(Records from a data collection)
+ + + + +
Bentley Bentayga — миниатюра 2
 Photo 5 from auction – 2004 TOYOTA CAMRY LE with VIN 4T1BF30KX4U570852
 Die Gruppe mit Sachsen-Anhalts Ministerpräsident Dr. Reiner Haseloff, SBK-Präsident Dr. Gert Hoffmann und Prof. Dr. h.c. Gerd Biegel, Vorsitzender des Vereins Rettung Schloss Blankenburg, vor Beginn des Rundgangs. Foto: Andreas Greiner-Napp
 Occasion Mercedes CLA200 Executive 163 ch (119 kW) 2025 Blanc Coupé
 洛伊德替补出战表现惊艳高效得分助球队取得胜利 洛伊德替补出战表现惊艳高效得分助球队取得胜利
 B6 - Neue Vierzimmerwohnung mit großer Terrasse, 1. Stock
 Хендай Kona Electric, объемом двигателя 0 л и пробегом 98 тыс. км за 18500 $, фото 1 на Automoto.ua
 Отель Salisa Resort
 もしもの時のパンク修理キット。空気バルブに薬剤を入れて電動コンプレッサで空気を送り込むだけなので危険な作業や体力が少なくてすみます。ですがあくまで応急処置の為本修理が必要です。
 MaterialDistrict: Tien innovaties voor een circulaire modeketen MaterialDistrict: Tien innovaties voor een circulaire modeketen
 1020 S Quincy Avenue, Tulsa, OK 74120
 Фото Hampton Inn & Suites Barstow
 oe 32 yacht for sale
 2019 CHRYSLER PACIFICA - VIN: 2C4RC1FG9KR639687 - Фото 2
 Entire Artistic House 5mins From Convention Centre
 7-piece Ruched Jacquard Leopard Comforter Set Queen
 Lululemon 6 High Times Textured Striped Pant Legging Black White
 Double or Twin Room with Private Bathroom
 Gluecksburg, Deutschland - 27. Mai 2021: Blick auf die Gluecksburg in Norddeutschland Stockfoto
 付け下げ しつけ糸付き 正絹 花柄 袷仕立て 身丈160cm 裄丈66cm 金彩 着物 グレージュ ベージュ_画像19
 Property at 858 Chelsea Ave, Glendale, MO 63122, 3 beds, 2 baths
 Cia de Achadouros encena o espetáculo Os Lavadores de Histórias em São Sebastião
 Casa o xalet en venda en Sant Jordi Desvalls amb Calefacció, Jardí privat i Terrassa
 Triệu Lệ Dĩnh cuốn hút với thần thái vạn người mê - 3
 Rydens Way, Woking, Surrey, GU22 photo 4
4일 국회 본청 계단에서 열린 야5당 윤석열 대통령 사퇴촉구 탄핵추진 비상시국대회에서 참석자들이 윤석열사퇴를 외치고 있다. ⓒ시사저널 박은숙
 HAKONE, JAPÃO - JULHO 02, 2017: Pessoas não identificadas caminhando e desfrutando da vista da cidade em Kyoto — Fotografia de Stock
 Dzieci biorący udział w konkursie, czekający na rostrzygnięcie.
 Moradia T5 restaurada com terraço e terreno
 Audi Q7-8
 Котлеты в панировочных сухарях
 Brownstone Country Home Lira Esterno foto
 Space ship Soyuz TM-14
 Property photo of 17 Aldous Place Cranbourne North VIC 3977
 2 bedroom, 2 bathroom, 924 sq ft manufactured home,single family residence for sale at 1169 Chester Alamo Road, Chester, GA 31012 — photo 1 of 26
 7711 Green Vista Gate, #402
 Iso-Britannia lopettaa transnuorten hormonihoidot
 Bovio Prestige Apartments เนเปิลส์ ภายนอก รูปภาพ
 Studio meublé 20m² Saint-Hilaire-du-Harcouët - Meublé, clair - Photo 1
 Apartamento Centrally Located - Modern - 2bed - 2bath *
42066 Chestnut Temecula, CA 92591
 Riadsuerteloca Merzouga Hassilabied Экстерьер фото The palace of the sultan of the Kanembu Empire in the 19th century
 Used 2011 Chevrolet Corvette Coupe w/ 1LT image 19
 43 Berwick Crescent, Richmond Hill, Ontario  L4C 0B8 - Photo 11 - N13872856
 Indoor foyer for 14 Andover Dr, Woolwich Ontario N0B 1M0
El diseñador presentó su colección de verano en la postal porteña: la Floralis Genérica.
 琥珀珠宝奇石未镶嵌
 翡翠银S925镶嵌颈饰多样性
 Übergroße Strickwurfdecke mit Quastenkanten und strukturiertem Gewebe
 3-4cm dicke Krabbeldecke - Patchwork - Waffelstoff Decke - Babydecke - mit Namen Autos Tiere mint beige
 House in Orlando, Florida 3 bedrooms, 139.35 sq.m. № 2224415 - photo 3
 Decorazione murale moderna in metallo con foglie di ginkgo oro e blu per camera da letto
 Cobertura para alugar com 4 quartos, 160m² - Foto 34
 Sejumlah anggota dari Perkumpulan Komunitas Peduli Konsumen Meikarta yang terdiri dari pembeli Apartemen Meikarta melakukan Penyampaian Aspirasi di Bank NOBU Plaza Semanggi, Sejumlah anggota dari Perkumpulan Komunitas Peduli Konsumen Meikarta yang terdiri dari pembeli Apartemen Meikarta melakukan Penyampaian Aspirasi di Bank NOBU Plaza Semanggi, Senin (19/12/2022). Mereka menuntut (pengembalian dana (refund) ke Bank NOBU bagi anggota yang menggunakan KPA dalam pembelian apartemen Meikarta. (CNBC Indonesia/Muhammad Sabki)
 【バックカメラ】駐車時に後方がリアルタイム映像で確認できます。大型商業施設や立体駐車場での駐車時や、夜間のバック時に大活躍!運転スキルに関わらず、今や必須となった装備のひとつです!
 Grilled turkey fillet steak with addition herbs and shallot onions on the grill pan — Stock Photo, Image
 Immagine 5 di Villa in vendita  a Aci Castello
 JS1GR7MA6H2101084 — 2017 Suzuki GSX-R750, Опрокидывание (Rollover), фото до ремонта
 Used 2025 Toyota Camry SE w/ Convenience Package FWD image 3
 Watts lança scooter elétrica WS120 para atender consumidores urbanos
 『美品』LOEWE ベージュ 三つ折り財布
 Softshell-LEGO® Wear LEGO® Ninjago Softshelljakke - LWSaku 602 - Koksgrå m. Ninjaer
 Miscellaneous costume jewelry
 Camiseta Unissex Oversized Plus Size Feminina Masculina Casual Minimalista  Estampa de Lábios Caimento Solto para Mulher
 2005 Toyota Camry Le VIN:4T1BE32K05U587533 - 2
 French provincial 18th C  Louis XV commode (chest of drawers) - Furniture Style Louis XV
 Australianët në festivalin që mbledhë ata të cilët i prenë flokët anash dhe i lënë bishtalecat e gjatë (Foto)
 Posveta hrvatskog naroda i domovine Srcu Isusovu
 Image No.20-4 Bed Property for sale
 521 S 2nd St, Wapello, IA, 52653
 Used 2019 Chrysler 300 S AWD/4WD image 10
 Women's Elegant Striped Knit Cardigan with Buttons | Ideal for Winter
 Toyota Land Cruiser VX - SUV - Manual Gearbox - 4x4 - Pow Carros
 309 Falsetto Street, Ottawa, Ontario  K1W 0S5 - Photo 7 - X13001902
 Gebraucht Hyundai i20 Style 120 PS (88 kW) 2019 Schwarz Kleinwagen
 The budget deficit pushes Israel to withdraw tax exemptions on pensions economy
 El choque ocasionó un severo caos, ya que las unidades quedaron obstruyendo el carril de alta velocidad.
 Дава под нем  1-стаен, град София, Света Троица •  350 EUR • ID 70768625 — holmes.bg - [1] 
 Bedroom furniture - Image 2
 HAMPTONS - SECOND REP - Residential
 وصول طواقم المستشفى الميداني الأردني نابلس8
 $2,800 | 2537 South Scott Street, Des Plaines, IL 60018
+ + + + +
What the task requires
Each line above from the one with "Indoor foyer for" up to and including the one with "Übergroße Strickwurfdecke mit" must be set down exactly, and no line outside that span may appear.

Exercise result
 Indoor foyer for 14 Andover Dr, Woolwich Ontario N0B 1M0
El diseñador presentó su colección de verano en la postal porteña: la Floralis Genérica.
 琥珀珠宝奇石未镶嵌
 翡翠银S925镶嵌颈饰多样性
 Übergroße Strickwurfdecke mit Quastenkanten und strukturiertem Gewebe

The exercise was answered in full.